推薦人: 來源: 閱讀: 2.09W 次

High above the luxury shopping utopia that is the Avenue Montaigne in Paris, Bernard Arnault, the 65-year old chairman and chief executive of LVMH Moët Hennessy Louis Vuitton, was sitting in a wood-paneled conference room and smiling. Really smiling: eyes crinkled, teeth agleam. You might even say he was grinning.

路威酩軒集團(LVMH)的主席、首席執行官貝爾納·阿爾諾(Bernard Arnault)微笑着坐在蒙田大道這個奢侈購物烏托邦高層的鑲木會議室裏。65歲的他真的在微笑:我能看到他眼角的皺紋和閃亮的牙齒。你甚至可以說他在咧嘴笑。

奢侈品帝國穿羊絨外套的狼正在改變

It was slightly disconcerting. Mr.

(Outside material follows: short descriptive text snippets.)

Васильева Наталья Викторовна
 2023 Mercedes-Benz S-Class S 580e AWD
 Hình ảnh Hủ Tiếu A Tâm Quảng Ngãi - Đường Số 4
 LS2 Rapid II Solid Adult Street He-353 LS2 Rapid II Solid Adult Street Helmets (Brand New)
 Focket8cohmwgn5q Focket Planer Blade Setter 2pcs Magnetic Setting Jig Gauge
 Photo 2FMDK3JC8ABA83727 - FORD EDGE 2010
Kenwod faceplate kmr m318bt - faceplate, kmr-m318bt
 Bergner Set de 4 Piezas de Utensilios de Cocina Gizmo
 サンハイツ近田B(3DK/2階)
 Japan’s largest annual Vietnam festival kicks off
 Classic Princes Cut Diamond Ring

Arnault’s face is known all over Europe, but its expression is normally one of poker-faced impassivity, eyes dark under heavy gray brows. At an imposing 6-foot-1, and always clad impeccably in a dark suit, he is as mythical — and as feared and admired — as Steve Jobs was in the United States. For years, Mr. Arnault was referred to as “the wolf in the cashmere coat.”

這有點令人不安。阿爾諾的面孔在歐洲家喻戶曉,但他通常面無表情,黑色的眼睛隱藏在深灰色的眉毛下面。他身高6.1英尺,儀表堂堂,總是穿着無可挑剔的黑色西服,他神祕、令人敬畏,就像史蒂夫·喬布斯(Steve Jobs)在美國給人的感覺。多年來,人們把阿爾諾稱爲“穿着羊絨外套的狼”。

The first of the luxury titans, he built LVMH into the largest luxury conglomerate in the world, owner of more than 60 brands including Louis Vuitton, Marc Jacobs, Givenchy, Fendi and Bulgari. Along the way, he became the richest man in France, with a net worth of $29.5 billion, according to Forbes. A confidant of the powerful, he was a witness at Nicolas Sarkozy’s wedding to Carla Bruni in 2008 and was made an honorary Knight of the British Empire. And yet, on a sunny afternoon in July, he was looking less like a calculating globe-trotting billionaire than a child in thrall to a wonderful new toy. Which he kind of was.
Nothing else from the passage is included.